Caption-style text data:
- Opening Delimiter -

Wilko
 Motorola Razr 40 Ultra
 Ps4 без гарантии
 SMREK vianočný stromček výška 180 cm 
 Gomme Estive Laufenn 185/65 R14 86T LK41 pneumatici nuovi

- Closing Delimiter -

■ INSTRUCTIONS FOR THE TASK ■
Would you please copy every line of the data exactly?

■ ANSWER TO THIS PROBLEM ■
Wilko
 Motorola Razr 40 Ultra
 Ps4 без гарантии
 SMREK vianočný stromček výška 180 cm 
 Gomme Estive Laufenn 185/65 R14 86T LK41 pneumatici nuovi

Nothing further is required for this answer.